» **Material provided**
—————

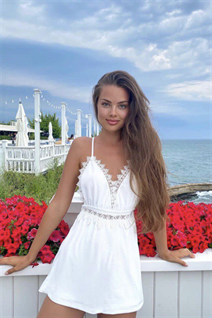 Bride from dubai kateryna with Light Brown hair age 28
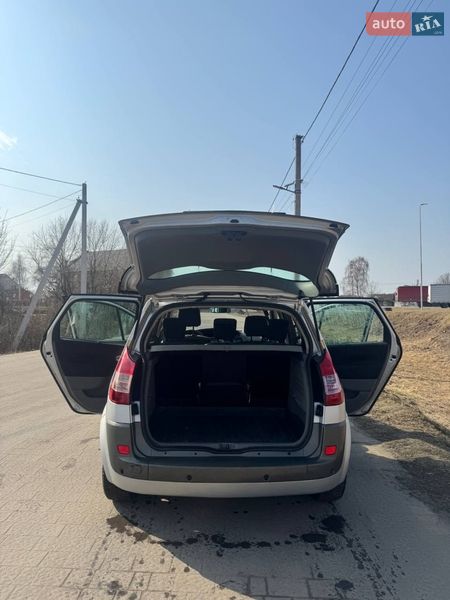 Минивэн Renault Scenic 2005 в Ратным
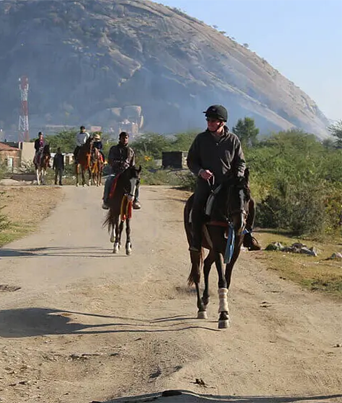 golden-triangle-with-horse-safari
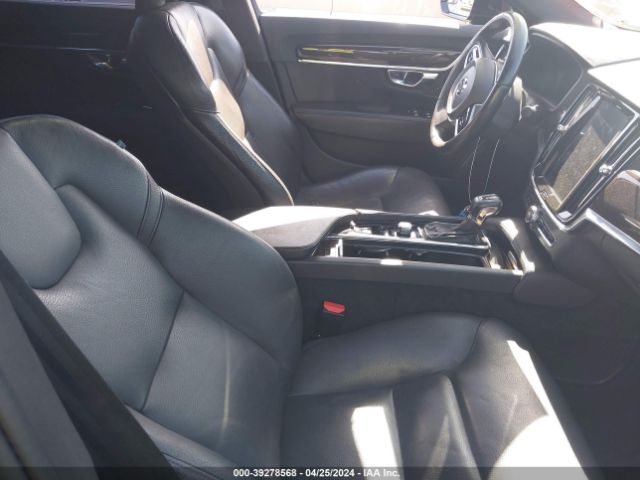 LVY102AK0KP090463 Volvo S90 T5 Momentum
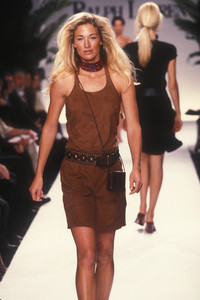 ralph-lauren-ss-1997-1.thumb.jpg.a883f797832beee760247f5cc48905e0.jpg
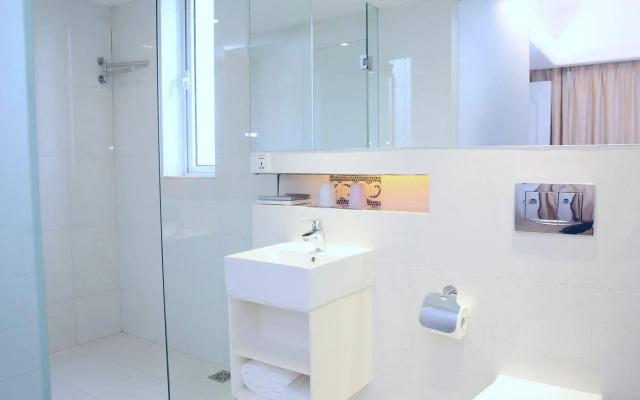 Ole Tai Sam Un Hotel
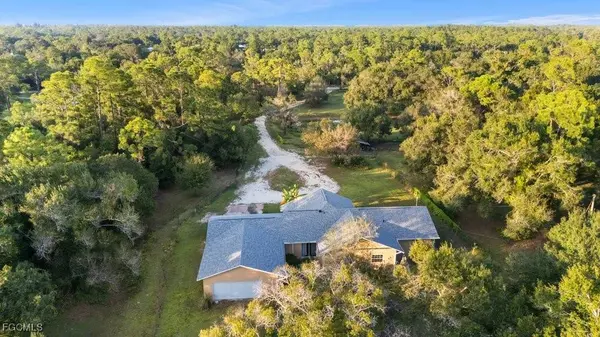 9100 Henderson Grade, North Fort Myers, FL 33917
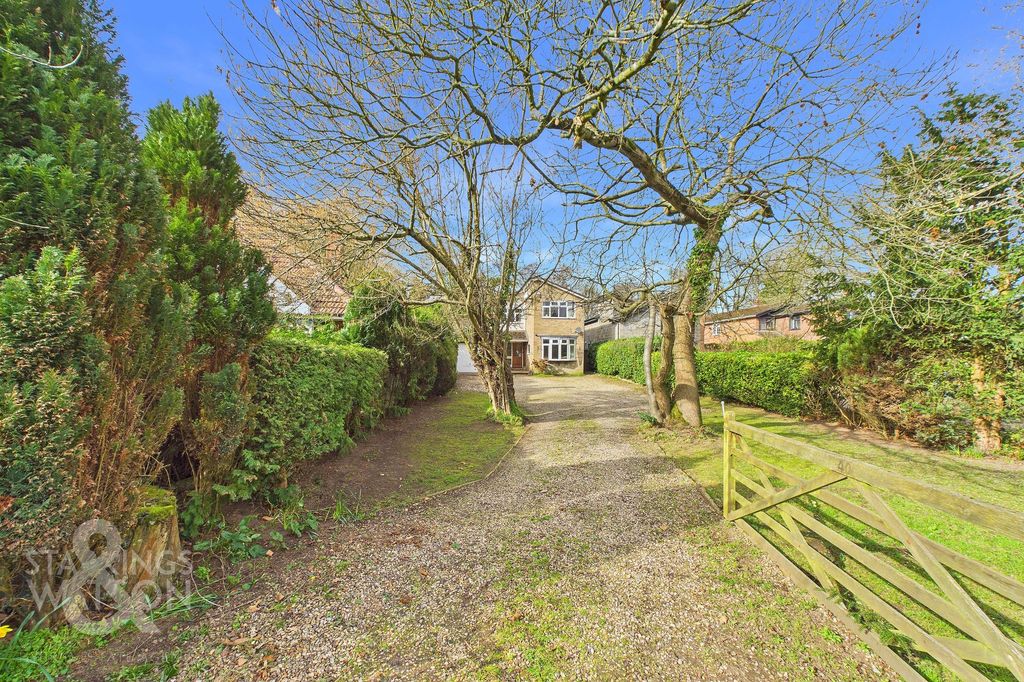 Property photo 1 of 42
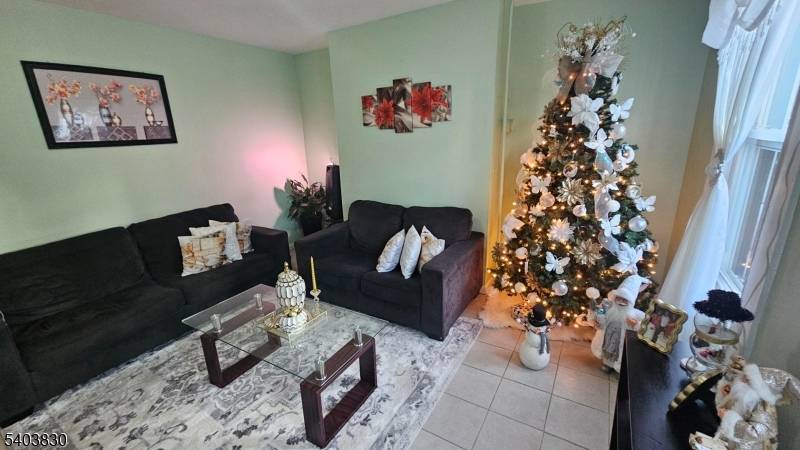 Paterson City, NJ 07501,379 Straight St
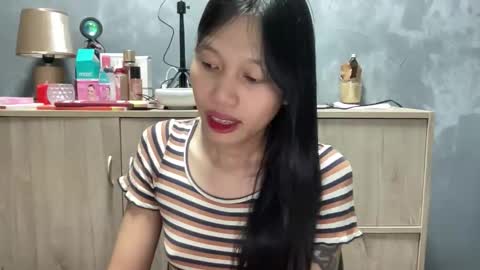 Its me Cora online show from November 11, 2025, 4:45 am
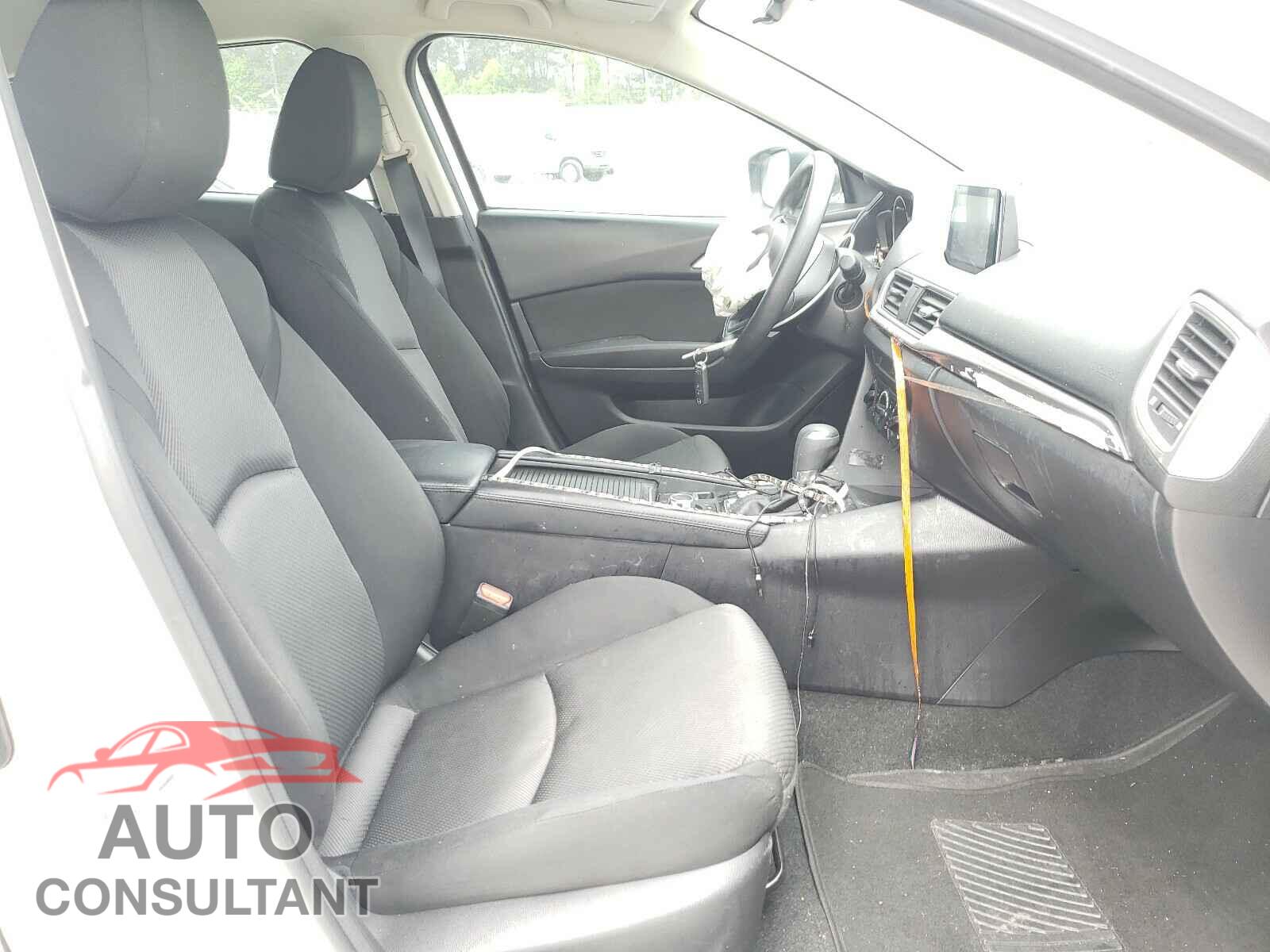MAZDA 3 2017 - 3MZBN1K77HM104081
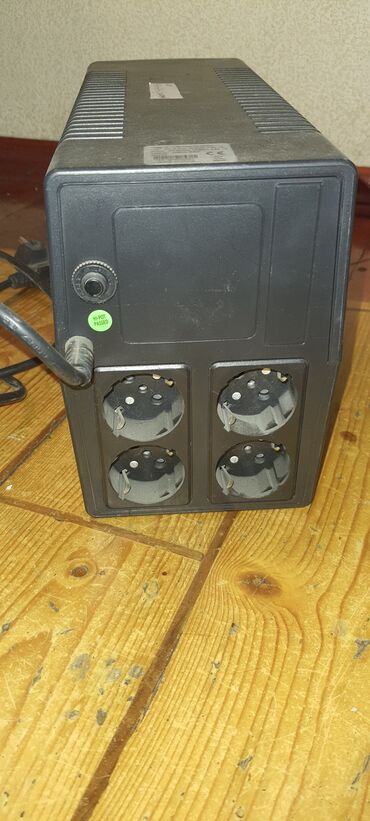 Fasiləsiz enerji təchizatı (UPS): UPS, < 500 Vt, Rozetkaların sayı - 4 — 6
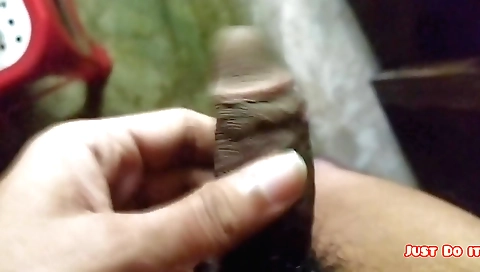 Indian pornstar in amateur pov video showing blowjob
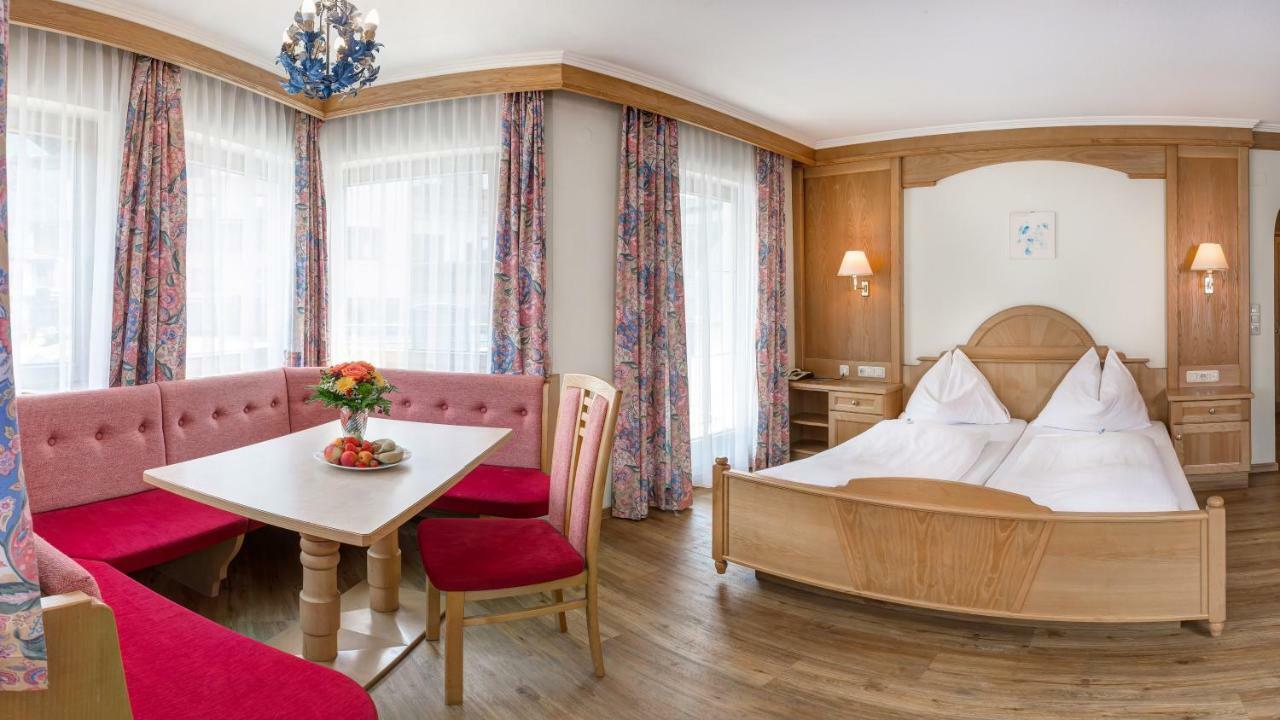 Strass- Aparthotel Mayrhofen Luaran gambar
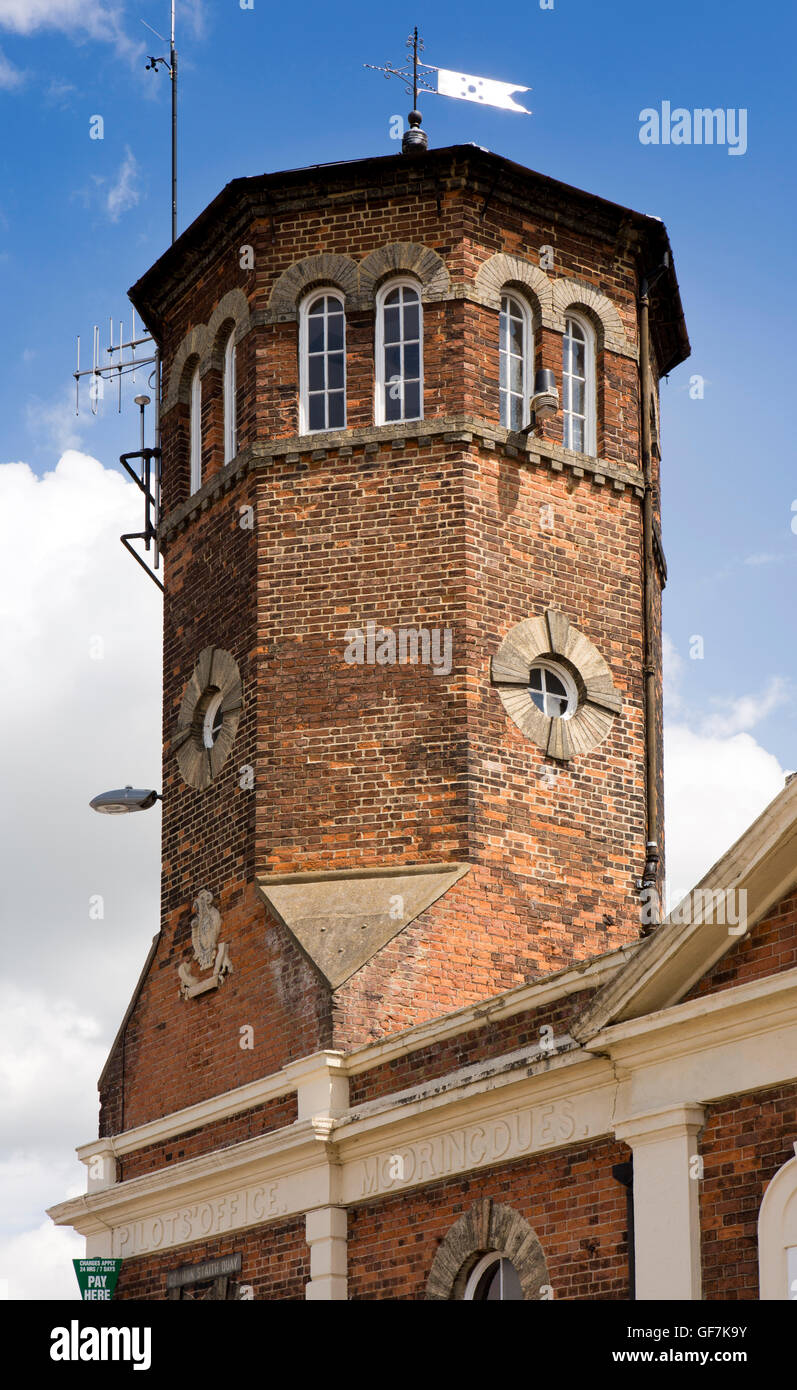Royaume-uni, Angleterre, Norfolk, King's Lynn, Ferry Street, Commun Staith Quay, Pilot's office tower Banque D'Images
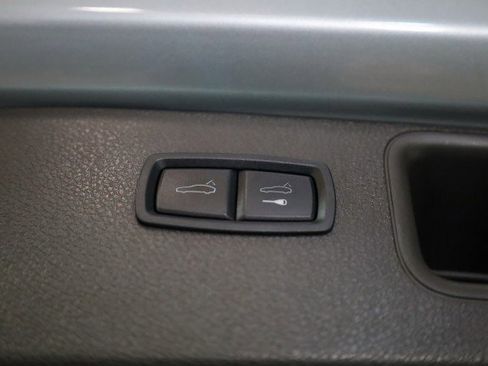 Used 2018 Porsche Macan image 24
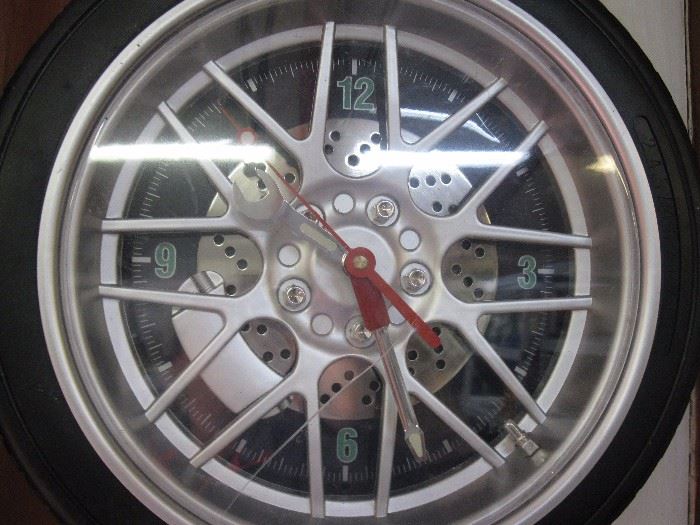 Wheel clock - 'as is' - crack in plastic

—————

» **Work to complete**
Everything from the line containing "Its me Cora" to the last line of the records above should be reproduced exactly, except the pictures.

» **Exercise result**
 Its me Cora online show from November 11, 2025, 4:45 am
MAZDA 3 2017 - 3MZBN1K77HM104081
 Fasiləsiz enerji təchizatı (UPS): UPS, < 500 Vt, Rozetkaların sayı - 4 — 6
 Indian pornstar in amateur pov video showing blowjob
 Strass- Aparthotel Mayrhofen Luaran gambar
Royaume-uni, Angleterre, Norfolk, King's Lynn, Ferry Street, Commun Staith Quay, Pilot's office tower Banque D'Images
 Used 2018 Porsche Macan image 24
 Wheel clock - 'as is' - crack in plastic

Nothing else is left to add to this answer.